And the flood of corporate Twitter-alikes has not even begun.
NEW YORK--At the Web 2.0 Expo, I got a quick demo of Present.ly, which is another Twitter-alike for business. On the surface it is similar to Yammer, winner of the TechCrunch50 best of show award. Present.ly, like Yammer, lets you quickly set up a private microblog where you and your co-workers can enter short update messages.
I find Yammer's interface a bit simpler, but Present.ly has a few important features that will make it a better bet for some companies.
It supports file attachments. That's a win in the workplace. Present.ly also lets you segment out groups, which is useful for filtering the flow of info.
Present.ly doesn't require that all users are on the same e-mail domain, which to my mind is a huge flaw in Yammer--it makes it impossible to invite an outside contractor into a work group.
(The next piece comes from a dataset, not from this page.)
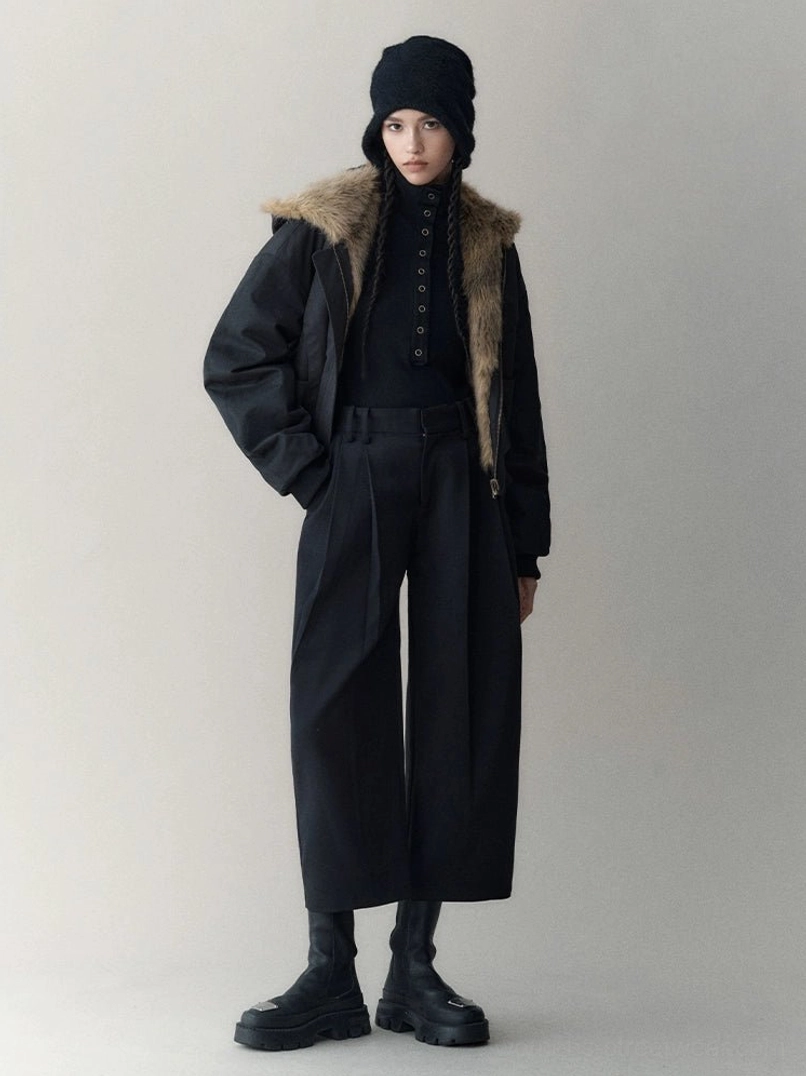 Model wearing the black shell side of an oversized reversible hooded faux fur winter jacket with brown faux fur collar in a minimalist streetwear studio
The biggest wins in Present.ly are at the platform level. Unlike Yammer, you can get Present.ly either as a hosted service, or, if you want, you can install in your business, behind your corporate firewall. And Present.ly supports the Twitter API, so tools that work with Twitter, like Twhirl, should be easily modifiable to work with Present.ly.
Present.ly is free for up to five users. After that, the company charges about $1 per user per month; it varies a bit depending on service plan. Installed versions are available but there's no quoted price on them.
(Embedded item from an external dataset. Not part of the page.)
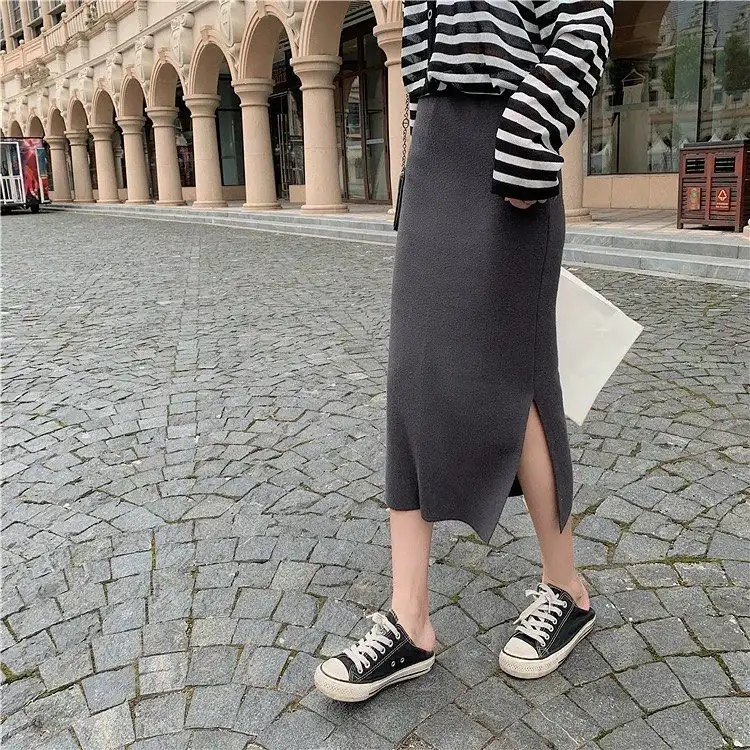 Dark grey knit midi skirt with side slit and black-and-white striped sweater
If you want something like Twiitter in your business, check it out. Also check out SocialCast, which I still like a lot (it's more like FriendFeed for business). And see this Web Strategy post, List of Enterprise Microblogging tools.
Bonus: Present.ly vs. Yammer gossip
I believe that if Present.ly had been at the TechCrunch50 event, it would have split the vote of the judging panel and prevented Yammer from winning the Best of Show award. Present.ly didn't present at TechCrunch50, but it wasn't for lack of trying. Yoshi Maisami, president of Intridea, which makes Present.ly, told me that he submitted his product for consideration for the event. However, he says, his proposal was rejected out of hand--that he never got the chance to pitch his company to the TechCrunch50 selection committee. If true, that's a shame.